Comment 10 Rafael J. Wysocki 2009-11-16 21:06:34 UTC
Johannes says it may have been fixed by commit 7400f42e9d765fa0656b432f3ab1245f9710f190 (cfg80211: fix NULL ptr deref).

Can you confirm or deny?

For now, I'm going to close this bug as fixed, so please reopen if it's not in fact.
Comment 11 Bob Copeland 2009-11-17 00:47:05 UTC
I don't think that's the same bug.
Comment 12 Bob Copeland 2009-11-17 00:49:18 UTC
(Note the original report says 2.6.28 and 2.6.30 stable, IIRC the null ptr was added late in 2.6.32-rc).

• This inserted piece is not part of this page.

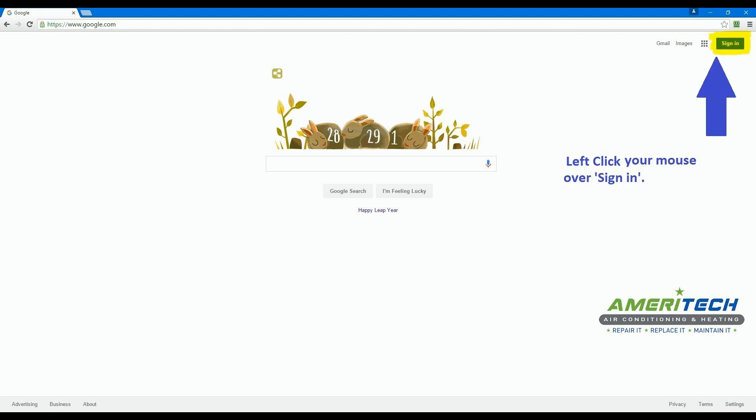Once you have entered the Google browser, use your mouse to left click on the Sign In button in the top right corner.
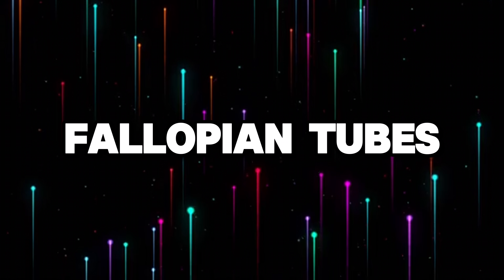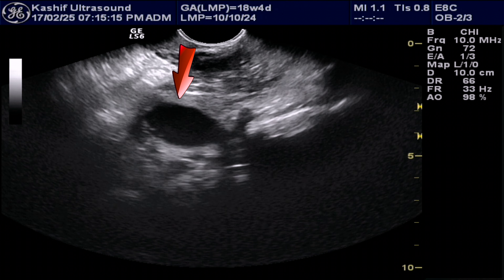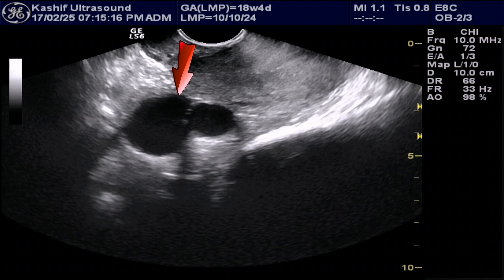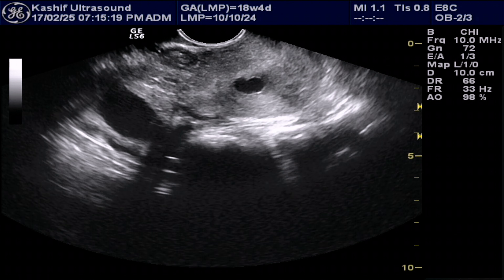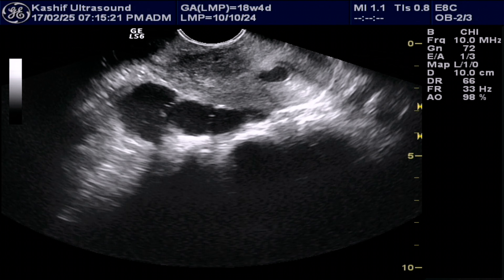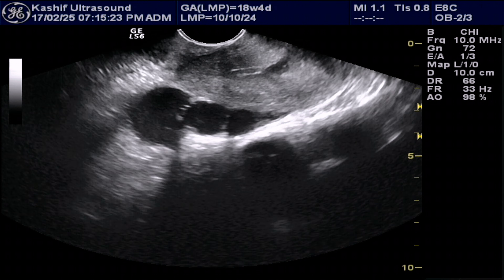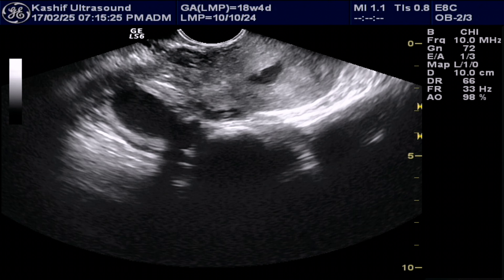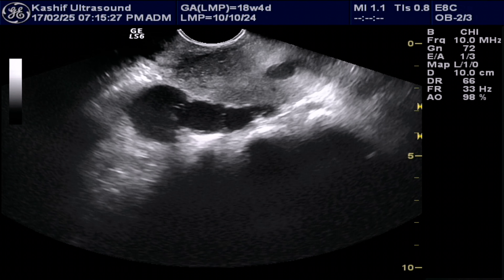Ultrasound can detect dilated fallopian tubes, also known as hydrosalpinges. These are elongated, curved, fluid-filled cystic areas located in the adnexa, just adjacent to the ovary and uterus. They can also cause infertility.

As for reproducing with the hardware, I've had some success with w-t as of a few days ago, but it depends heavily on timing -- I have much less luck with debugging knobs turned on.
Comment 13 jsbronder 2009-11-18 18:45:26 UTC
I'm still able to reproduce in 2.6.32-rc7-wl-42932-gb648d86 which does contain the mentioned commit.
Comment 14 Bob Copeland 2010-03-03 23:27:07 UTC
Created attachment 25347 [details]
Work around concurrent reset crash

This one fixed one hang of mine, but jsbronder's workload still fails.  I'll be spending this weekend trying again.
Comment 15 Bob Copeland 2010-03-18 16:23:56 UTC
Created attachment 25592 [details]
Another workaround attempt

When we hooked this up to a PCI analyzer we saw that the card would emit bus errors in this state, which is consistent with my getting NMI exceptions when the device is confused.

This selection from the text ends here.